Abstract:
In the area of drug delivery aided by stimuli-responsive polymers, the biodegradability of nanocarriers is one of the major challenges that needs to be addressed with the utmost sincerity. Herein, a hydrogen sulfide (H2S) responsive hydrophobic dansyl-based trigger molecule is custom designed and successfully incorporated into the water-soluble polyurethane backbone, which is made of esterase enzyme susceptible urethane bonds. The amphiphilic polyurethanes, PUx (x = 2 and 3) with a biotin chain end, formed self-assembled nanoaggregates. A hemolysis and cytotoxicity profile of doxorubicin (DOX)-loaded biotinylated PU3 nanocarriers revealed that it is nonhemolytic and has excellent selectivity toward HeLa cells (biotin receptor-positive cell lines) causing ∼60% cell death while maintaining almost 100% cell viability for HEK 293T cells (biotin receptor-negative cell lines). Furthermore, better cellular internalization of DOX-loaded fluorescent nanocarriers in HeLa cells than in HEK 293T cells confirmed receptor-mediated endocytosis.

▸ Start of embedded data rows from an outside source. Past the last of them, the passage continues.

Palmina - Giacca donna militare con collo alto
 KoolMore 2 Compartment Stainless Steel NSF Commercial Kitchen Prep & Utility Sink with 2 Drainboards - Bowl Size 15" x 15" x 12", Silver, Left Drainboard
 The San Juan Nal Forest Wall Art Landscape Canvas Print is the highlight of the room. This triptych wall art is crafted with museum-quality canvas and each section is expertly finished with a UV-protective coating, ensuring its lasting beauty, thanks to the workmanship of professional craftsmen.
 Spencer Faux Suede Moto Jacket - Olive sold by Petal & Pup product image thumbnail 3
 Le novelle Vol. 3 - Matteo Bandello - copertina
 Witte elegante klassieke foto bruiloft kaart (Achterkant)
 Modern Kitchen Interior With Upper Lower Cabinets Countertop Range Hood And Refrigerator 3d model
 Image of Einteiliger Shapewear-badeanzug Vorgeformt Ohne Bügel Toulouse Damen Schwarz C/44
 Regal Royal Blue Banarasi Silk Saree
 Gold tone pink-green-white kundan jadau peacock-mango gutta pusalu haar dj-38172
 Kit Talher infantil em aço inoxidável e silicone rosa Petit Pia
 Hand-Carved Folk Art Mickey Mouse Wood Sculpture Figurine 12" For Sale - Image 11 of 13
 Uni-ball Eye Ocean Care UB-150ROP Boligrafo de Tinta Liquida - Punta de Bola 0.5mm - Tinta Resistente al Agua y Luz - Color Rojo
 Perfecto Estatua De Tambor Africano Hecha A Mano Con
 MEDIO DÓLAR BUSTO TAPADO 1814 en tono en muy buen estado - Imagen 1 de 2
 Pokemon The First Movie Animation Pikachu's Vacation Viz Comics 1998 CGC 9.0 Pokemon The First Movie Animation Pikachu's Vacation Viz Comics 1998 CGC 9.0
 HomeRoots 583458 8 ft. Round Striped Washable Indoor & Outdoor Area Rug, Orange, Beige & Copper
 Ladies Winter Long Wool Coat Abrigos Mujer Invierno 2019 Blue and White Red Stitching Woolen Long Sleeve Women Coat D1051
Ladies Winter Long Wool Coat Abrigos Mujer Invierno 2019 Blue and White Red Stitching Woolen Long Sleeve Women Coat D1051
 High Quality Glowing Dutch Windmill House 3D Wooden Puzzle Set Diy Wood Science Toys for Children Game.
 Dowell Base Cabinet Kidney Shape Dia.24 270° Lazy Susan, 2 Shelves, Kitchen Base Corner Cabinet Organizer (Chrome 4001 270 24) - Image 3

Thus, this work ensures that the synthesized polymers serve as biodegradable nanocarriers for anticancer therapeutics.
摘要:
在刺激响应性聚合物辅助的药物递送领域,纳米载体的生物降解性是需要以最大的诚意解决的主要挑战之一。在这里,硫化氢(H2S)响应性丹磺基疏水性触发分子是定制设计的,并成功地掺入到水溶性聚氨酯主链中,它是由酯酶酶敏感的氨基甲酸酯键。两亲性聚氨酯,PUx(x=2和3)与生物素链端,形成自组装纳米聚集体。负载多柔比星(DOX)的生物素化PU3纳米载体的溶血和细胞毒性谱显示,它是非溶血的,并且对HeLa细胞(生物素受体阳性细胞系)具有优异的选择性,导致约60%的细胞死亡,同时保持几乎100%的细胞活力HEK293T细胞(生物素受体阴性细胞系)。此外,与HEK293T细胞相比,HeLa细胞中负载DOX的荧光纳米载体的细胞内化更好,证实了受体介导的内吞作用。因此,这项工作确保合成的聚合物作为生物可降解纳米载体的抗癌治疗。